> _PROVIDED MATERIAL_:

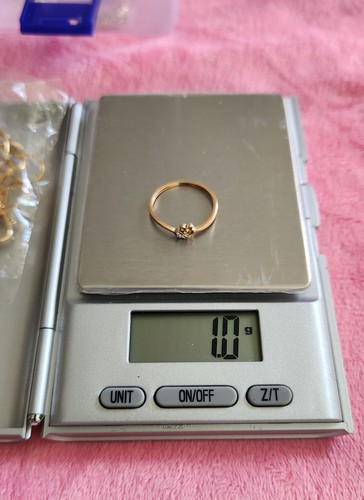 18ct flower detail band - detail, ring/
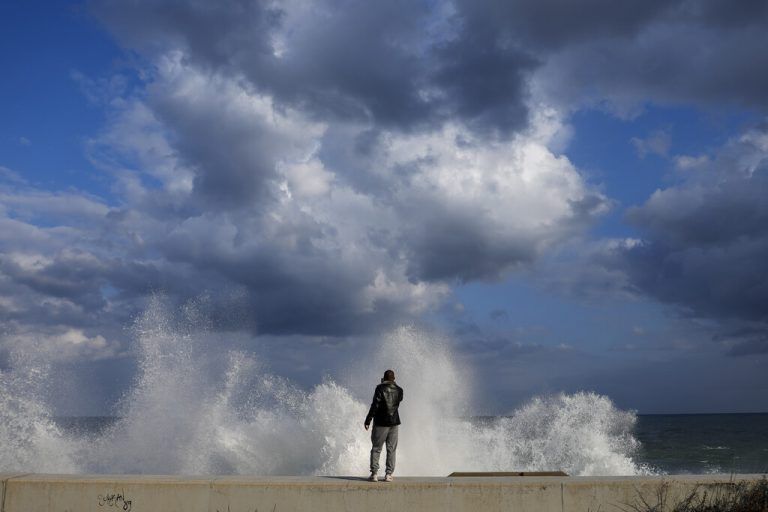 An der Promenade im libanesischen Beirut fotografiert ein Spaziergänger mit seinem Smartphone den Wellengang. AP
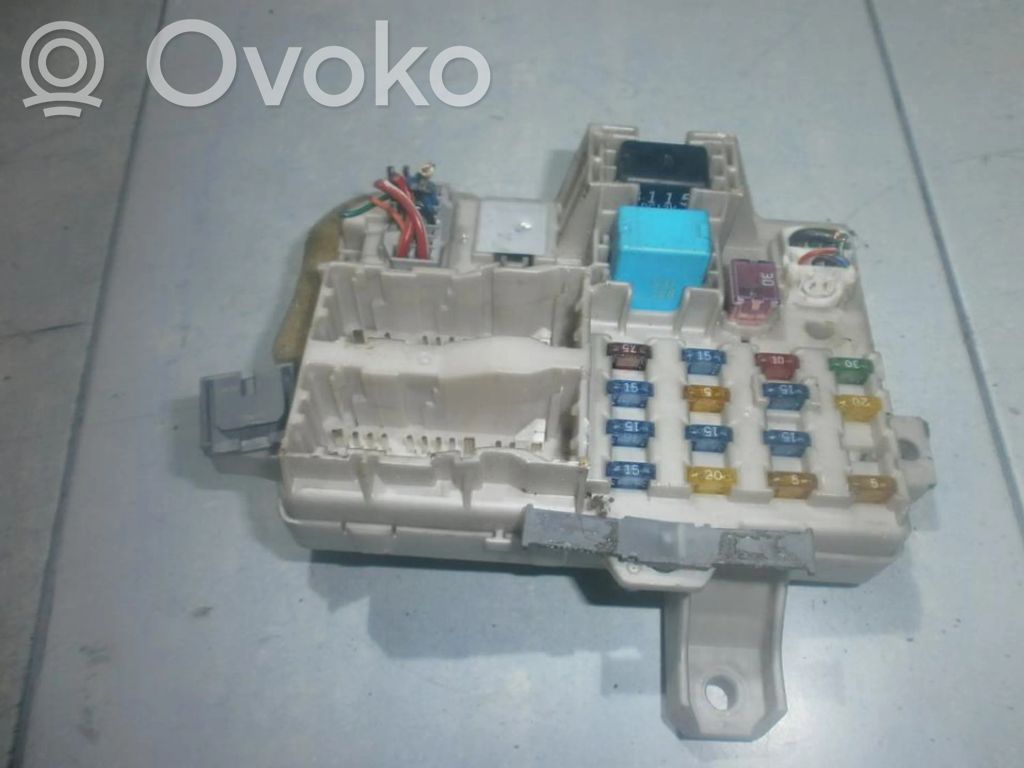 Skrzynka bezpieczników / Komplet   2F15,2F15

> _EXERCISE INSTRUCTIONS_: In full and without any pictures, print the listing above exactly.

> _YOUR SOLUTION_:
 18ct flower detail band - detail, ring/
 An der Promenade im libanesischen Beirut fotografiert ein Spaziergänger mit seinem Smartphone den Wellengang. AP
 Skrzynka bezpieczników / Komplet   2F15,2F15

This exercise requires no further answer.